Work order:
Set down, exactly as written, the lines from the top of the data to the line that holds "For the eyes", and omit the pictures.

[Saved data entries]
========================

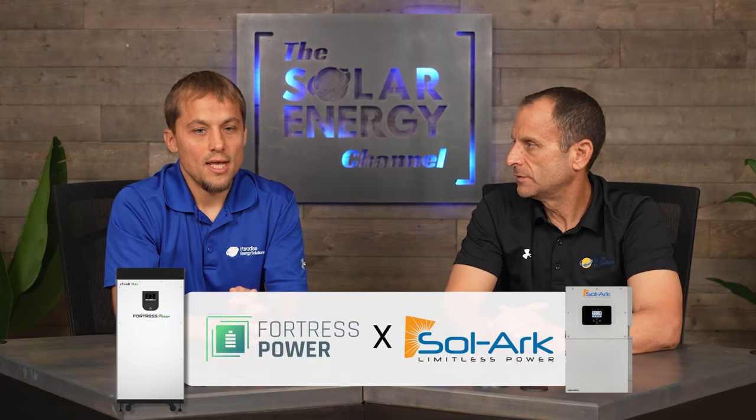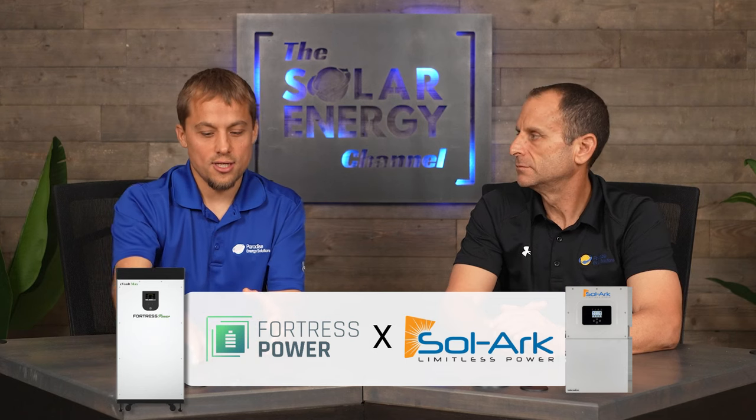Now let's talk about the SolarArk and Fortress combination. This is a different use case — made for larger systems and more robust backup. What's really great about both SolarArk and Fortress is that they're US-based companies. SolarArk is based in Texas, and Fortress is actually based in Langhorne, Pennsylvania. The SolarArk inverter is a hybrid inverter, so you can use it for solar plus battery, it can work off-grid, and it can handle really large backup for 200 amps or larger.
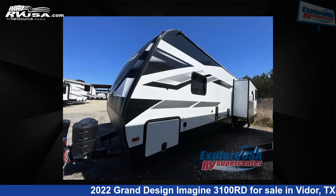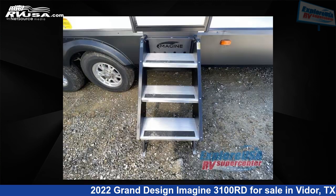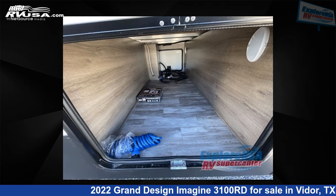This new Grand Design is 35 feet 0 inches in length and features two slide-outs, a pebble interior, sleeps six, and 52 gallons fresh water capacity. The floor plan layout of this travel trailer features a front bedroom, rear entertainment, and rear living area.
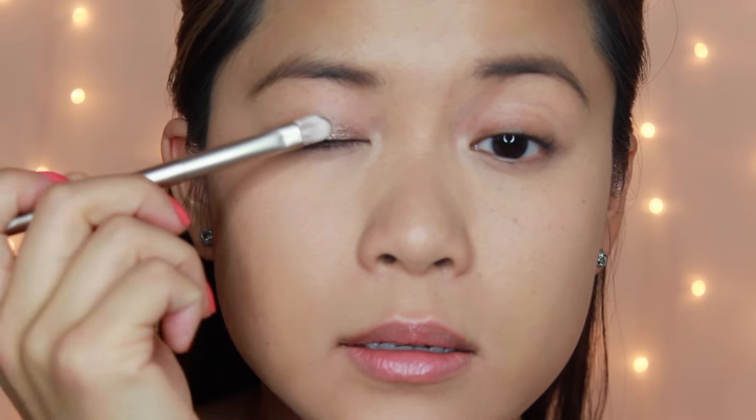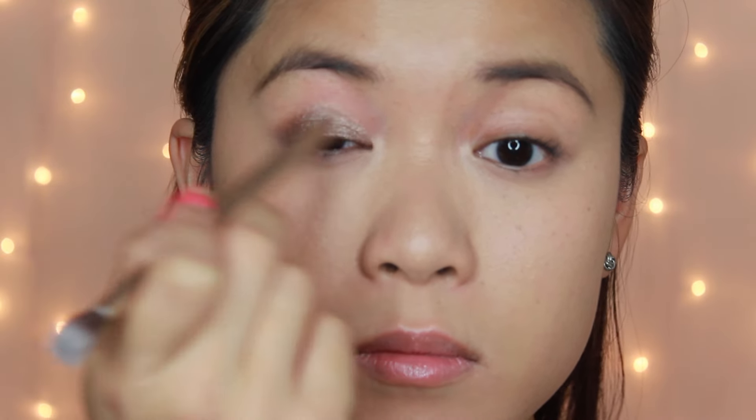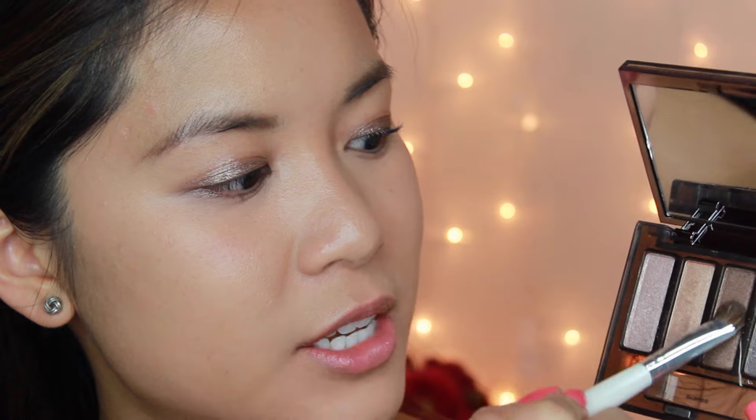For the eyes — for date night I usually do a really simple bronzy smoky eye. To start, I'm priming my eyes with the Maybelline Color Tattoo in 'Bad to the Bronze.' I'm picking it up on my brush, putting it on my lid, and then taking a little bit on the tip of my brush to line my lower lash line with it as well.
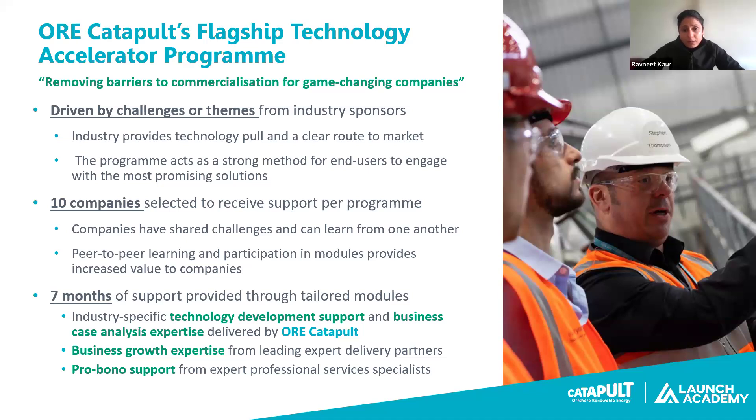This program is a combination of working with industry and professional services experts to bring business and technology support under one roof. It enhances collaboration and ensures innovation development is in the right direction for commercialisation. The program supports 10 companies over a period of seven months, providing various expert business development and technology development modules, which Chris will be describing later in the webinar.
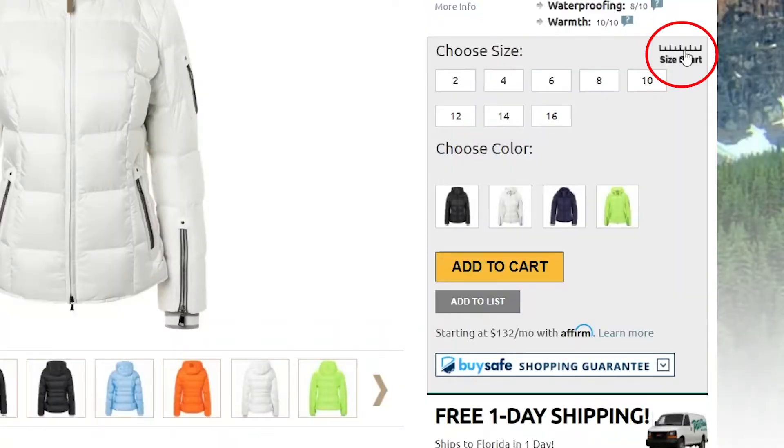In terms of fit, this jacket has a relaxed cut. I'm wearing a size 6 and it fits me comfortably. In order to get your correct sizing, you can always take a few simple measurements and compare them to the size chart found on our website. Thanks for watching and be sure to check out PeterGlenn.com for all the best in Vogner ski jackets.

========================

Output of the exercise:
Now let's talk about the SolarArk and Fortress combination. This is a different use case — made for larger systems and more robust backup. What's really great about both SolarArk and Fortress is that they're US-based companies. SolarArk is based in Texas, and Fortress is actually based in Langhorne, Pennsylvania. The SolarArk inverter is a hybrid inverter, so you can use it for solar plus battery, it can work off-grid, and it can handle really large backup for 200 amps or larger.
This new Grand Design is 35 feet 0 inches in length and features two slide-outs, a pebble interior, sleeps six, and 52 gallons fresh water capacity. The floor plan layout of this travel trailer features a front bedroom, rear entertainment, and rear living area.
For the eyes — for date night I usually do a really simple bronzy smoky eye. To start, I'm priming my eyes with the Maybelline Color Tattoo in 'Bad to the Bronze.' I'm picking it up on my brush, putting it on my lid, and then taking a little bit on the tip of my brush to line my lower lash line with it as well.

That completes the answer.